Rutherglen Wine History

Dig Gentlemen, Dig!

Rutherglen's wine history is thought to date back to some time in the mid to late 1850s when Lindsay Brown planted a four-acre vineyard on his 'Gooramadda Run'. Regarded as the father of the Rutherglen wine industry, Brown is credited with the enduring quote -

'Dig gentleman dig, but no deeper than six inches, for there is more gold to be won from the top six inches than from all of the depths below'

More plantings soon followed and the wines of the North East soon found strong favour throughout the colony. Given the limitations of the time it's incredible to think that just 30 years later Rutherglen would be considered an international wine industry player, boasting some of the largest estates in the world.
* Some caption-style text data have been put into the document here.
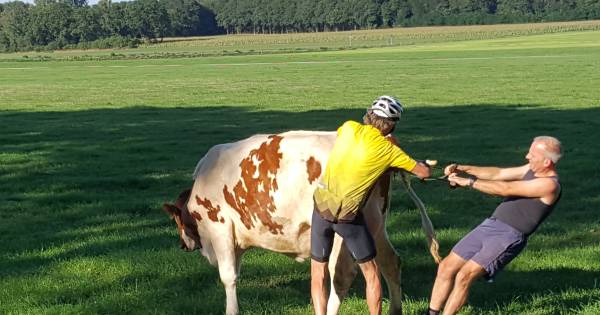Noaberplicht: fietsende dierenarts helpt boer met bevallende koe - Tubantia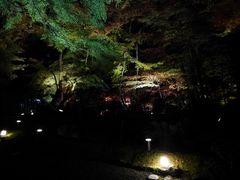 -醍醐寺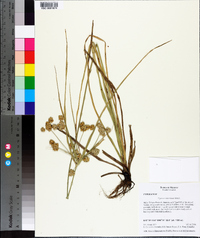 Cyperus entrerianus image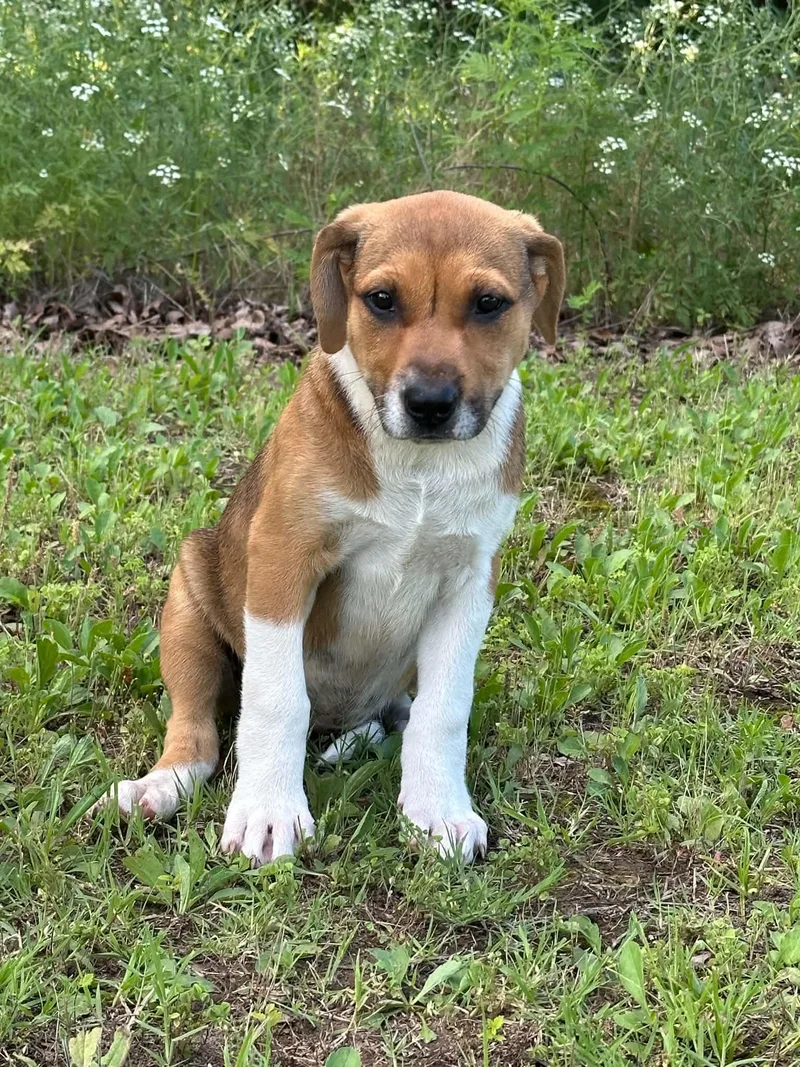 A baby medium-sized female Mixed Breed dog named Clover for adoption in Okemah, OK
Many wineries established at this time are still flourishing today.

  • Gehrigs - 1859
  • Chambers Rosewood - 1859
  • Morris- 1859
  • St Leonards - 1860
  • All Saints Estate - 1864
  • Campbells - 1870
  • Stanton & Killeen - 1875


*Excerpts of this article were taken from 'Rutherglen - Wine Centre of North East Victoria', written by Brian Lloyd and John Kennedy in 2007. Copies of this fascinating book are available from the Rutherglen Wine Experience

Rutherglen, Wine History
Rutherglen, History
Rutherglen, History
Rutherglen, History

Timeline of our wine region

  • Pre 1830’s– Kwat Kwat, a branch of the Bangerang people occupy the land around Rutherglen.
  • 1839– Foord and Crisp take up the Wahgunyah run of 35,000 acres.
  • 1847– Lindsay Brown selects Gooramadda run. ‘There is more gold to be won from the top six inches of soil than from the depths below it.’
  • 1851– First vines in the region were planted by Edwin Sanger at Corowa and John Lindsay Brown at Browns Plains.
  • 1858-1870– Chambers, St Leonards, Gehrig’s, Campbell’s, All Saints, Jones and Morris establish first plantings.
  • 1860– Wahgunyah rush follows the discovery of gold on 9th September near Rutherglen to grow to a population of 11,000.
  • 1878– All Saints Estate wins Australia’s first international gold medal at the Paris Exhibition. Wine production exceeds demand but high duties on the interstate and foreign wines stimulate the Victorian wine industry.
  • 1875-1896– Stanton & Killeen vineyards are established, Mount Prior cellars are built.
  • 1884– Rutherglen Statistics: 50 vineyards, about 3,000 acres and 1,870 people employed in the local wine industry.
  • 1899– Phylloxera hits Rutherglen in the Rhue vineyard (now Jones). Replanting on American rootstock commences. This occurred when Rutherglen was producing one-quarter of Australia’s wine production.
  • 1906– An estimated 6,960 acres of vines are planted in the Rutherglen district.
  • 1908– Durif was bought to Rutherglen by Francois de Castella.
  • 1920-1930– Bullers was established and Les Jones Snr buys the Rhue vineyard and winery.
  • 1925– An estimated 7,000 acres of vines are planted in the Rutherglen district. Production
    of sweet fortified wines is at a high to supply the Australian market.
  • 1925– Rutherglen production once again reaches pre-phylloxera levels. Australia is exporting 750,000 gallons of wine a year to England, most of this from Rutherglen.
  • 1930– Rutherglen begins trading fortified wine in bulk and booms for two decades.
  • 1960’s– Rutherglen vignerons begin widespread table wine planting, as influences from other wine regions impact on the Australian consumer’s interest in wine varieties.
  • 1967– Rutherglen Wine Festival, an Australian first is held and begins the revival of Rutherglen and winery tourism.
  • 1974– First Rutherglen Winery Walkabout attracts 10,000 people to the various wine-related activities over the festival weekend.
  • 1984– Seppelts sell their holdings and Pfeiffer’s buy their old distillery site.
  • 1990‘s- to today. Vineyards expand again, with new wineries established in the region. Lake Moodemere, Cofield, Anderson, Rutherglen Estates, Warrabilla, Valhalla and Scion – new generations of winemakers work with a great collection of diverse varieties. Using tried and true traditional methods as well as the latest technology, the Winemakers of Rutherglen ensure fine wine production continues for future generations.